- Born: 8 November 1911 Kota, Rajasthan, British India
- Died: 7 November 1999 (aged 88) Karachi, Pakistan
- Education: MA English, MA Urdu
- Alma mater: Agra University
- Occupations: Educationist, Literary critic, Scholar, Intellectual
- Writing career
- Language: Urdu
- Genre: Quran studies
- Notable works: Study of Quran Quran & Our Lives Ghalib: Sab Achcha Kahein Jissay

= Karrar Hussain =

Pakistani educationist, writer, poet and literary critic (1911–1999)
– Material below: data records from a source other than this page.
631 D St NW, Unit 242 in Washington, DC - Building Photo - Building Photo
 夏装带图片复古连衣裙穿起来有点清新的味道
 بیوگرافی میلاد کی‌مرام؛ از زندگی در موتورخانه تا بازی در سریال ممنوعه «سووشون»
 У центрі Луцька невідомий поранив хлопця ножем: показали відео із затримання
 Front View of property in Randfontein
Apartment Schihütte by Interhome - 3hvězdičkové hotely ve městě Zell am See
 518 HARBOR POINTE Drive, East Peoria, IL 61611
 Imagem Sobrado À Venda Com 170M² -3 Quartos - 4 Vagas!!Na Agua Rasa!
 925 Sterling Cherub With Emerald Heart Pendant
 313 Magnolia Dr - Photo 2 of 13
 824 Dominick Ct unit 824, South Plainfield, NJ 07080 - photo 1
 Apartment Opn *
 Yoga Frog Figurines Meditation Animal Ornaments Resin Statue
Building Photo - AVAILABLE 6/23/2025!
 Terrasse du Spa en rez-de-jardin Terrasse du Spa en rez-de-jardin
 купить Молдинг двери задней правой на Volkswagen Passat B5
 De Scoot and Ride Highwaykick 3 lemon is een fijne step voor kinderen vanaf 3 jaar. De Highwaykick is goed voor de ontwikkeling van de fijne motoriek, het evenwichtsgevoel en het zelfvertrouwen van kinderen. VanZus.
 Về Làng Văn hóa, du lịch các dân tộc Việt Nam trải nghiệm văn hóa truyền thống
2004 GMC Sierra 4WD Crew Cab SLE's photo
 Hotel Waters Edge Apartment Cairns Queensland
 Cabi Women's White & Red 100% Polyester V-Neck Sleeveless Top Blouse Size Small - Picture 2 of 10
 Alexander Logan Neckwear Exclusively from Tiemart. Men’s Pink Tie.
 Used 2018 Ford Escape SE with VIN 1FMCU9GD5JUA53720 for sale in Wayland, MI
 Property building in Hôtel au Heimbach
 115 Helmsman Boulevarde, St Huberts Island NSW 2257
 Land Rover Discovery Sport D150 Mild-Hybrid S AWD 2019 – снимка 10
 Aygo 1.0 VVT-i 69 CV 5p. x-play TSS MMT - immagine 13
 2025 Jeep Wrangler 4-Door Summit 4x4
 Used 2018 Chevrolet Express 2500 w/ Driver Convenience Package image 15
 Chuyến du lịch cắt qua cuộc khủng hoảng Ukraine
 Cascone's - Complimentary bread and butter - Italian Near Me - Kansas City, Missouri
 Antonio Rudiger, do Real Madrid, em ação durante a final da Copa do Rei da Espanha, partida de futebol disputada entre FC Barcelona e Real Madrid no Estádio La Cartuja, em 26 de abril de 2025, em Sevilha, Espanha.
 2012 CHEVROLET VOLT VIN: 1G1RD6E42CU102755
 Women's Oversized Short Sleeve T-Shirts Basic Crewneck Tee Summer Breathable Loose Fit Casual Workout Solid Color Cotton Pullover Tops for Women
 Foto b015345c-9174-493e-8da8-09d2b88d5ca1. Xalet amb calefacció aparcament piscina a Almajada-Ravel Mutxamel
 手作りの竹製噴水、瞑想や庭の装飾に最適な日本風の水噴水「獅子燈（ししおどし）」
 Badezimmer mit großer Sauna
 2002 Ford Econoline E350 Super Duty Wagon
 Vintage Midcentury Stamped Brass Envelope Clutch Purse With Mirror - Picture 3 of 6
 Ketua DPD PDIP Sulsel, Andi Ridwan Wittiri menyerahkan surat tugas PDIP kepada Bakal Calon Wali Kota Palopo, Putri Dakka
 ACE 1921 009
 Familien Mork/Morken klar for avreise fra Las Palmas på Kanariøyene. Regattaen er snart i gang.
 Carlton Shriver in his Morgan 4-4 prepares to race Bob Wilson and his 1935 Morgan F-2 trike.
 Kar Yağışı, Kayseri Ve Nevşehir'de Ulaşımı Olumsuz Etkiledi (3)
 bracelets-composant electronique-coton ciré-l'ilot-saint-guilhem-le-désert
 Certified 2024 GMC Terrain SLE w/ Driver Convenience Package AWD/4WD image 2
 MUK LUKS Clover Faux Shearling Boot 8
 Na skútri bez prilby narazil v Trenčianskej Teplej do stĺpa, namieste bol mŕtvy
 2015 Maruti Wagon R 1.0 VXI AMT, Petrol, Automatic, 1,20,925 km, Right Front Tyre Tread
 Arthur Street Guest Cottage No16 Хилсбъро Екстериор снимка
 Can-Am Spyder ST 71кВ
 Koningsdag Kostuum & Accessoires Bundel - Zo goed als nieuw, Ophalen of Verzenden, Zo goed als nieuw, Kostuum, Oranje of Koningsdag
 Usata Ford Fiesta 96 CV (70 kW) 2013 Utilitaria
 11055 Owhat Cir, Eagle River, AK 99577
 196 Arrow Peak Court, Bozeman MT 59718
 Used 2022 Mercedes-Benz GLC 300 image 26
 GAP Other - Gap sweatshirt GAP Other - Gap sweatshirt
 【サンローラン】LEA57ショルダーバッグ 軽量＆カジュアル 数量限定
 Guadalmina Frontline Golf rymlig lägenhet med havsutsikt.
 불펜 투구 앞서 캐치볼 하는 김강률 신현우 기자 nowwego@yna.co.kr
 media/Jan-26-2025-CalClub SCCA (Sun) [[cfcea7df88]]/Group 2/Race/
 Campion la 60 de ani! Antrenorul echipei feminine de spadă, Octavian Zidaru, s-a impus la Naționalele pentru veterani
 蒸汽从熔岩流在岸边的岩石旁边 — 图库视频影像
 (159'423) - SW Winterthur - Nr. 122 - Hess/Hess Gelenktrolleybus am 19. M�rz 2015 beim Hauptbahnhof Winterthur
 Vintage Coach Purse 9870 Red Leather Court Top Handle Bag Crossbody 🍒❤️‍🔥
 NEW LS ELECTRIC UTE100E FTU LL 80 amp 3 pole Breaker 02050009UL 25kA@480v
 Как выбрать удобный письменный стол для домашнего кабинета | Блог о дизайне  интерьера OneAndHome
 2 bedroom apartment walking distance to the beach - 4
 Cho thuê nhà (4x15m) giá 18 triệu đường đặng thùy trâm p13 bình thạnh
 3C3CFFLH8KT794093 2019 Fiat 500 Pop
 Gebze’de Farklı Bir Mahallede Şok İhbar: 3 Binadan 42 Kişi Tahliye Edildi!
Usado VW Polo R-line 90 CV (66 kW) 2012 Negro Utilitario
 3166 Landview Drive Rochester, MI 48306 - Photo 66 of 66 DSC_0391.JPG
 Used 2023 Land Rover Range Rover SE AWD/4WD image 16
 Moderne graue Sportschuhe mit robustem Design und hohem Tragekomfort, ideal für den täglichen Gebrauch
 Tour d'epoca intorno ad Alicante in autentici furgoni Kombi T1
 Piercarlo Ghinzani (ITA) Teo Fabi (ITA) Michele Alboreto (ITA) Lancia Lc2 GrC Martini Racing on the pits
Karrar Hussain (1911-1999) was a Pakistani educationist, writer, poet and literary critic. In his student days in British India he was affiliated with the Khaksar movement, with which he later parted ways due to a difference of opinion.

== Biography ==
Karrar Hussain was born in Kota, Rajasthan, British India. After passing Intermediate exams from Meerut, he went to Agra University and got master's degrees in English and Urdu. As a student politician, he was affiliated with the Indian National Congress and Khaksar Tehreek of Allama Mashriqi. He started working at Meerut College in 1933, where Jameel Jalibi, Hasan Askari, Intizar Hussain, and Saleem Ahmed were his students.

In 1948 he migrated to Pakistan, where he continued as a lecturer in English at several colleges and was appointed as the first vice-chancellor of the University of Balochistan in 1976.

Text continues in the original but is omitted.